A spacecraft launched last year will slingshot back around Earth and the Moon next month in a high-stakes, world-first manoeuvre as it pinballs its way through the Solar System to Jupiter.
The European Space Agency's Juice probe blasted off in April 2023 on a mission to discover whether Jupiter's icy moons Ganymede, Callisto, and Europa are capable of hosting extra-terrestrial life in their vast, hidden oceans.
The uncrewed six-tonne spacecraft is currently 10 million kilometres (six million miles) from Earth.
But it will fly back past the Moon then Earth on August 19-20, using their gravity boosts to save fuel on its winding, eight-year odyssey to Jupiter.
Staff at the ESA's space operations centre in Darmstadt, Germany began preparing for the complicated manoeuvre this week.
Juice is expected to arrive at Jupiter's system in July 2031.
It will take the scenic route. NASA's Europa Clipper spacecraft is scheduled to launch this October yet beat Juice to Jupiter's moons by a year.
Juice is taking the long way round in part because the Ariane 5 rocket used to launch the mission was not powerful enough for a straight shot to Jupiter, which is roughly 800 million kilometres away.
Without an enormous rocket, sending Juice straight to Jupiter would require 60 tonnes of onboard propellant -- and Juice has just three tonnes, according to the ESA.
"The only solution is to use gravitational assists," Arnaud Boutonnet, the ESA's head of analysis for the mission, told AFP.
By flying close to planets, spacecrafts can take advantage of their gravitational pull, which can change its course, speed it up or slow it down.
Many other space missions have used planets for gravity boosts, but next month's Earth-Moon flyby will be a "world first", the ESA said.
It will be the first "double gravity assist manoeuvre" using boosts from two worlds in succession, the agency said.
Juice will cross 750 kilometres above the Moon on August 19, before shooting past our home planet the following day.
The probe will leave Earth at a speed of "3.3 kilometres a second -- instead of three kilometres if we had not added the Moon", Boutonnet said.

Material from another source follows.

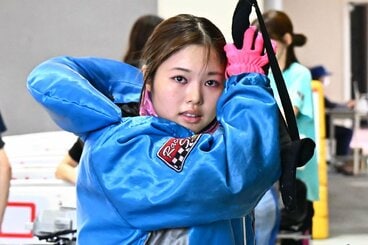 大会に懸ける思いは強い平川香織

As Juice whizzes past Earth and the Moon, it will use the opportunity to snap photos and test out its many instruments.
Down on Earth, some will be taking photos right back. Some lucky amateur sky gazers, armed with telescopes or powerful binoculars, may even be able to spot Juice as it passes over Southeast Asia.

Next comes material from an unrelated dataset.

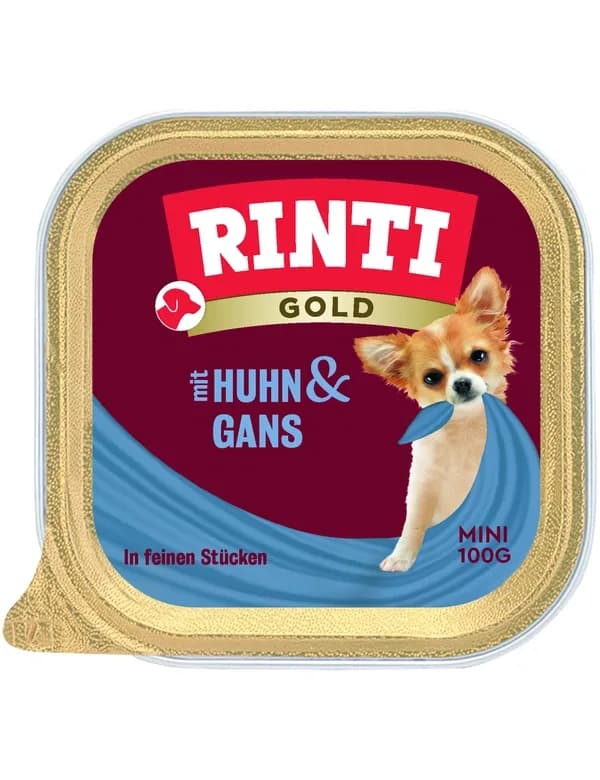 Rinti Gold Mini Huhn & Gans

The move has been carefully calculated for years, but it will be no walk in the park.
"We are aiming for a mouse hole," Boutonnet emphasised.
The slightest error during its slingshot around the Moon would be amplified by Earth's gravity, potentially creating a small risk that the spacecraft could enter and burn up in Earth's atmosphere.
The team on the ground will be closely observing the spacecraft -- and have 12-18 hours to calculate and adjust its trajectory if needed, Boutonnet said.
He mostly feared a scenario in which the amount of course corrections needed would erase the gains from the double-world slingshot, meaning they would be "doing all this for nothing".
If all goes well, Juice will head back out into interplanetary space -- for a little while at least.
It will first head to Venus for another boost in 2025.
Juice will even fly past Earth twice more -- once in 2026, then a final time in 2029 before finally setting off towards Jupiter.
Then comes the really tricky part.
Once Juice arrives at Jupiter, it will use a whopping 35 gravitational assists as its bounces around the planet's ocean moons.
During this phase, the probe's trajectory looks like "a real plate of spaghetti", Boutonnet said.
"What we're doing with the Earth-Moon system is a joke in comparison," he added.